Das zeigt die Untersuchung der Kölner Sozialpädagogin und Lebensberaterin Stephanie Butenkemper. Unter dem Titel "Übergriff im frommen Gewand" referierte sie zu dem Thema auf Einladung des Bistums Osnabrück am Donnerstagabend in der Universität Osnabrück.

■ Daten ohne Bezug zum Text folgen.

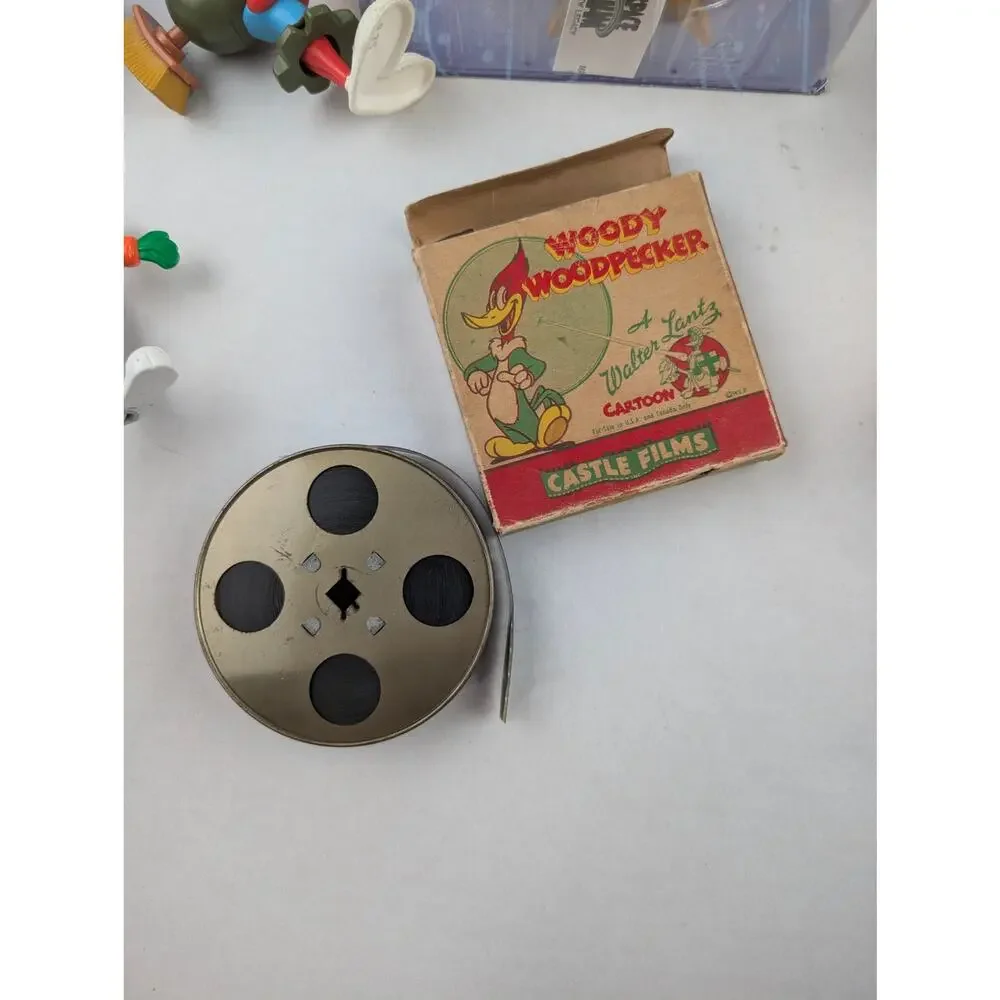 Vintage Castle Films Woody Woodpecker Beach Nut 16mm Silent Film Reel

Geistlicher oder spiritueller Missbrauch könne, so Butenkemper, in jedem religiösen Kontext auftreten, in dem es ungleiche Machtstrukturen gebe. Ob in neuen geistlichen Gemeinschaften, Pfarrgemeinden, Familien, in geistlicher Begleitung, Jugendarbeit, Freikirchen, aber auch in klassischen Ordensgemeinschaften kann demnach religiöse Autorität benutzt werden, um im Namen Gottes Druck und Zwang auszuüben. Butenkemper selbst war, wie sie sagte, früher Mitglied einer Gemeinschaft und erlebte dort ebenfalls geistlichen Missbrauch.
Keine allgemeine Definition
Mit dem Phänomen hätten sich bereits mittelalterliche Ordensgründer auseinandersetzen müssen. In der aktuellen Debatte um Missbrauch in Kirchen gebe es noch keine allgemeine Definition für das "diffuse Problem", sagte Butenkemper.

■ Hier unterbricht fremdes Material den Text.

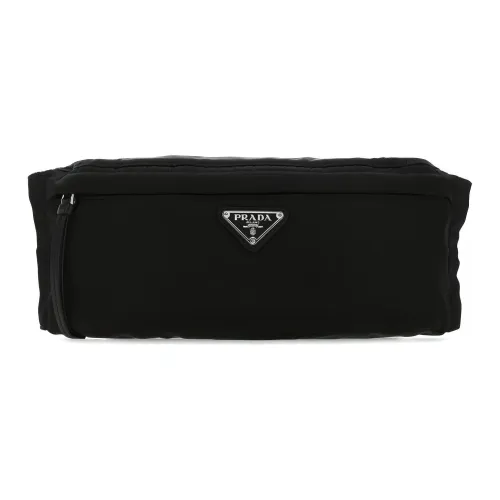 PRADA Нейлоновая сумка-банка женская черная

Im Wesentlichen, so die Referentin, biete eine Gemeinschaft, in der später Missbrauch erfahren wird, einen Familienersatz. Die Anerkennung, oft mittels eines regelrechten "Love-Bombings", die Versorgung und die Begeisterung, die Menschen dort erfahren, gingen im missbräuchlichen Fall mit Gedankenumbildung und Bewusstseinskontrolle, Entmündigung und Isolation einher.
Allmähliches aufgeben der eigenen Identität
Langsames Eintauchen und Verstrickt-Werden in das Umfeld der Gemeinschaft führten zur allmählichen Aufgabe der eigenen Identität. Oftmals würden Außenkontakte abgebrochen, eine Parallelwelt entwickle sich. Viele bemerkten erst sehr spät, welchen Preis sie für die anfänglichen Vorteile zahlten. Dennoch erscheine ein Ausstieg und ein Leben ohne die Gemeinschaft oder geistliche Beziehung oft als unmöglich. "Dann droht das ganze Leben zusammenzubrechen", erklärte Butenkemper.
Ihre Gespräche mit acht Betroffenen aus verschiedenen Gemeinschaften sowie Erkenntnisse und Folgen für die Praxis will die Sozialpädagogin im April nächsten Jahres als Buch veröffentlichen. Der Titel lautet "Toxische Gemeinschaften. Geistlichen und emotionalen Missbrauch erkennen, verhindern und heilen".